G.R. No. 194159, October 21, 2015

PRESIDENTIAL COMMISSION ON GOOD GOVERNMENT, Petitioner, v. MA. MERCEDITAS NAVARRO-


GUTIERREZ (AS THEN OMBUDSMAN), DON M. FERRY, JOSE R. TENGCO, JR., ROLANDO M. ZOSA,
CESAR C. ZALAMEA, OFELIA I. CASTELL, AND RAFAEL A. SISON, PUBLIC RESPONDENTS,
RODOLFO M. CUENCA, MANUEL I. TINIO, AND ANTONIO R. ROQUE, PRIVATE, Respondents.

DECISION

PERLAS-BERNABE, J.:

Before the Court is a petition for certiorari1 assailing the Resolution2 dated May 30, 2007 and the
Order3dated April 13, 2009 of the Office of the Ombudsman (Ombudsman) in OMB-C-C-03-0500-I, which
dismissed the affidavit-complaint4 of petitioner Presidential Commission on Good Government (PCGG)
charging individual respondents Don M. Ferry (Ferry), Jose R. Tengco, Jr. (Tengco), Rolando M. Zosa (Zosa),
Cesar C. Zalamea (Zalamea), Ofelia I. Castell (Castell), Rafael A. Sison (Sison), Rodolfo M. Cuenca
(Cuenca), Manuel I. Tinio (Tinio), and Antonio R. Roque (Roque) for allegedly violating Sections 3 (e) and
(g) of Republic Act No. (RA) 3019,5 for lack of probable cause.

The Facts

The instant case arose from an Affidavit-Complaint6 dated July 15, 2003 filed by the PCGG - through Rene B.
Gorospe, the Legal Consultant in-charge of reviewing behest loan cases - against former officers/directors of
the Development Bank of the Philippines (DBP), namely, Ferry, Tengco, Zosa, Zalamea, Castell, and Sison,
as well as former officers/stockholders of National Galleon Shipping Corporation (Galleon),7 namely, Cuenca,
Tinio, and Roque charging them of violating Sections 3 (e) and (g) of RA 3019. In the Affidavit-Complaint,
the PCGG alleged that on October 8, 1992, then President Fidel V. Ramos (President Ramos) issued
Administrative Order No. 13,8 creating the Presidential Ad HocFact-Finding Committee on Behest Loans (Ad
Hoc Committee) in order to identify various anomalous behest loans entered into by the Philippine
Government in the past.

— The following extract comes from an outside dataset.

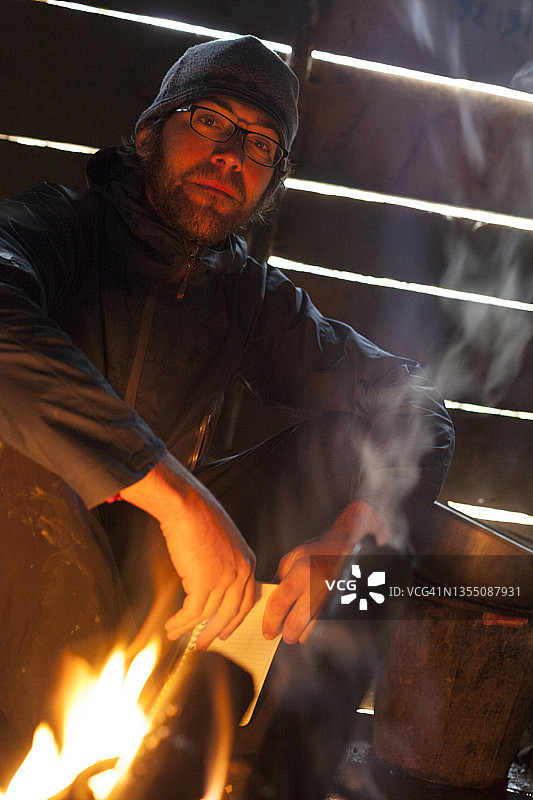 男子坐在老挝丰沙里省班蓬洪的家中火炉旁图片素材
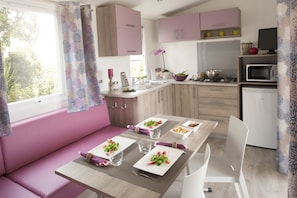A modern kitchen with pink cabinets, a dining table set for four, and a built-in oven.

Later on, President Ramos issued Memorandum Order No. 619 on November 9,
1992, laying down the criteria which the Ad Hoc Committee may use as a frame of reference in determining
whether or not a loan is behest in nature. Thereafter, the Ad Hoc Committee, with the assistance of a
Technical Working Group (TWG) consisting of officers and employees of different government financial
institutions (GFIs), examined and studied documents relative to loan accounts extended by GFIs to various
corporations during the regime of the late President Ferdinand E. Marcos (President Marcos) -one of which is
the loan account granted by the DBP to Galleon.10

After examining the aforesaid loan account, the TWG found, inter alia, that: (a) on September 19, 1979,
DBP, pursuant to its Board Resolution No. 3002,11 approved guarantees in favor of Galleon in the aggregate
amount of US$90,280,000.00 for the purpose of securing foreign currency borrowings from financial
institutions related to Galleon's acquisition of five (5) brand new and two (2) secondhand vessels;12 (b)
Board Resolution No. 3002 specifically stated that such accommodation "shall be undertaken at the behest
of the Philippine Government;"13 (c) as a condition for the grant of the guarantees, Board Resolution No.
3002 required Galleon to raise its paid up capital to P98.963 Million by 1981,14 but Galleon was only able to
raise its capital to P46,740.755.00;15 (d) despite Galleon's failure to comply with such condition, DBP still
granted the guarantees; (e) as of June 30, 1981, Galleon's arrearages had already amounted to
P40,684,059.37, while the aggregate DBP obligations of Galleon already totaled P691,058,027.92;16 (f)
despite the outstanding debts, DBP still issued Board Resolution Nos. 400817 and 3001,18 approving further
accommodations in Galleon's favor in the form of one-year foreign currency loans to refinance the latter's
arrearages, which amounted to P58,101,718.89 as of September 30, 1982;19(g) despite Galleon's
arrearages amounting to P128,182,654.38 and obligations accumulating to P904,277,536.96, DBP still
approved the release of Galleon's two (2) secondhand vessels as collaterals resulting in collateral
deficiency;20 and (h) as of March 31, 1984, Galleon's total obligations to DBP amounted to
P2,039,284,390.85, while the value of its collaterals was only P539,000,000.00.21 These findings were then
collated in an Executive Summary22 which was submitted to the Ad Hoc Committee.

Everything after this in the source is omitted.